I’m an Advertising guy. And ad guys are not nit-pickers when it comes to grammatical details like sentence structure and punctuation. We write how normal people talk, not how english teachers write.
So it’s pretty unusual for me to take issue with anything grammar related. But someone has to speak out about all the exclamation points popping up in marketing circles. If I see one more boring marketing cliche punctuated with three of these !!! I’m going to scream.
“All natural! Gluten-free! GMO-free! Vegan!!!”
I have news for you… There’s no correlation between the number of exclamation points and the effectiveness of your copy. Just the opposite, in fact. The more exclamation points, the less believable it is.
Yelling never works, and that’s the effect of all the exclamation points. Like a hyped-up used car salesman, in your face…”Seating for four! Steering wheel! Air bags!” Putting exclamation points on your list of features is not going to make them more compelling.
Give me a break.
(See how I did NOT use an exclamation point right there. I could have said, “give me a break!” But nothing says desperate, amateur writer faster than a bunch of exclamation points at the end of a sentence.)
You’ll love the new John Deere riding mowers!
The longest, straightest driver ever!
Better comfort! Better feel! Better performance!

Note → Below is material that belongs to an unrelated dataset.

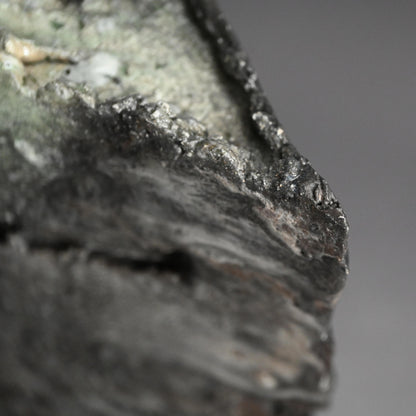 Fabulous Ash Blasted Iga Vase ー伊賀三田窯 作古庵 谷本 景 “伊賀面取花瓶”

Your whole family will love it!!
Really? Those two punctuation marks transform the sentence from a statement of fact into a boisterous claim. It’s just not a normal tone of voice, and it’s going to affect your credibility.
You can add excitement and immediacy to your marketing copy without adding exclamation points. Just try saying something meaningful. Different. And honest. Start with a value proposition that holds water and resonates with your target audience. Then write some micro-scripts that cement that idea in their minds. Test them on people. Get a second opinion and don’t be afraid to re-write. You have to be patient and persistent if you want copy that really sells.
Finally, try crafting a headline that is relevant and intriguing on its own, without all the grade school punctuation.